■ Work to complete ■
Your output should be everything below from the line containing "Haula Rosdiana, Guru" down to the line containing "806 S Medora Street, Terrell, TX 75160", both ends included, copied exactly, with pictures left out.

■ Input ■
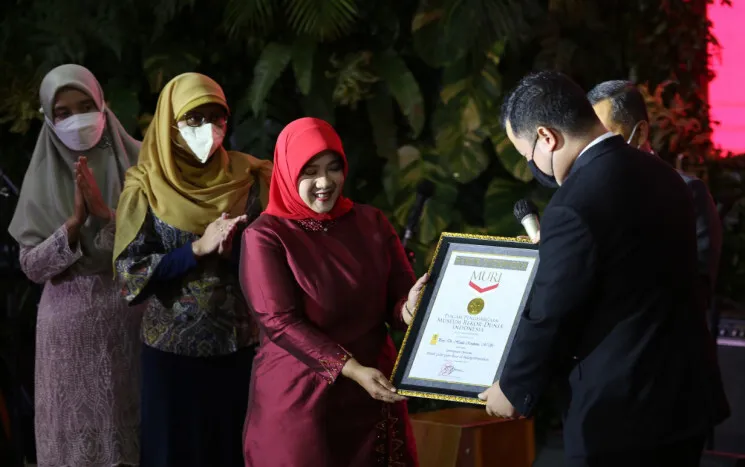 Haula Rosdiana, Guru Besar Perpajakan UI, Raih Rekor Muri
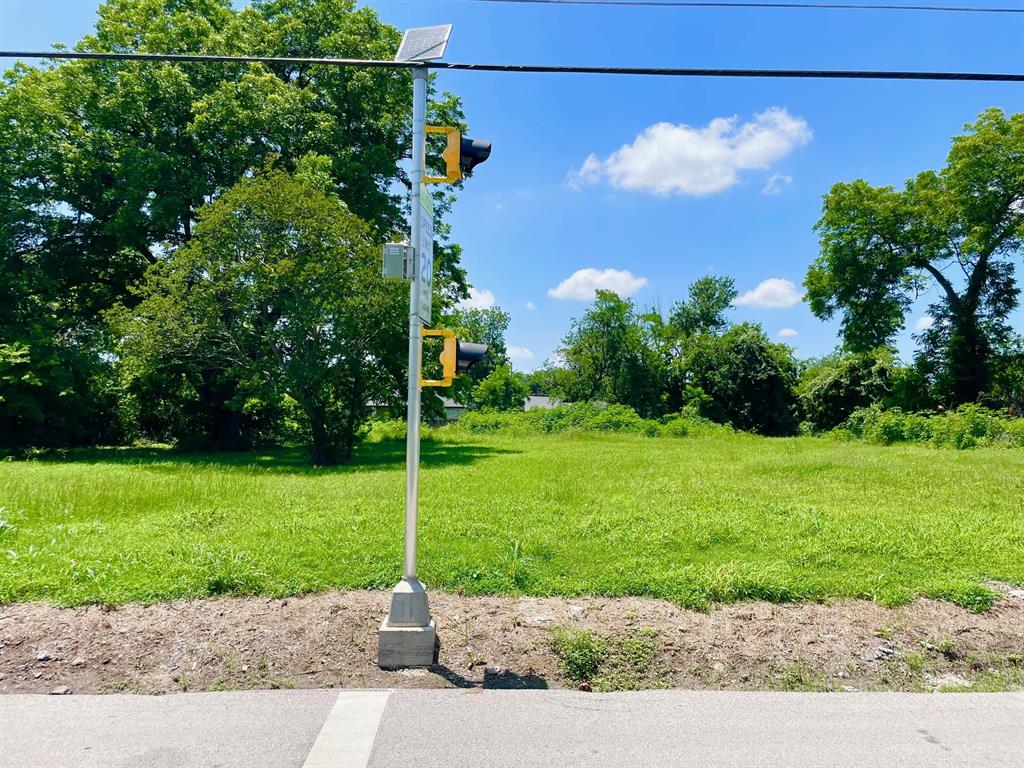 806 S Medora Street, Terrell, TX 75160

---

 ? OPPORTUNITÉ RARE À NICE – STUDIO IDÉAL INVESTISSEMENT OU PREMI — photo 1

■ Exercise solution ■
 Haula Rosdiana, Guru Besar Perpajakan UI, Raih Rekor Muri
 806 S Medora Street, Terrell, TX 75160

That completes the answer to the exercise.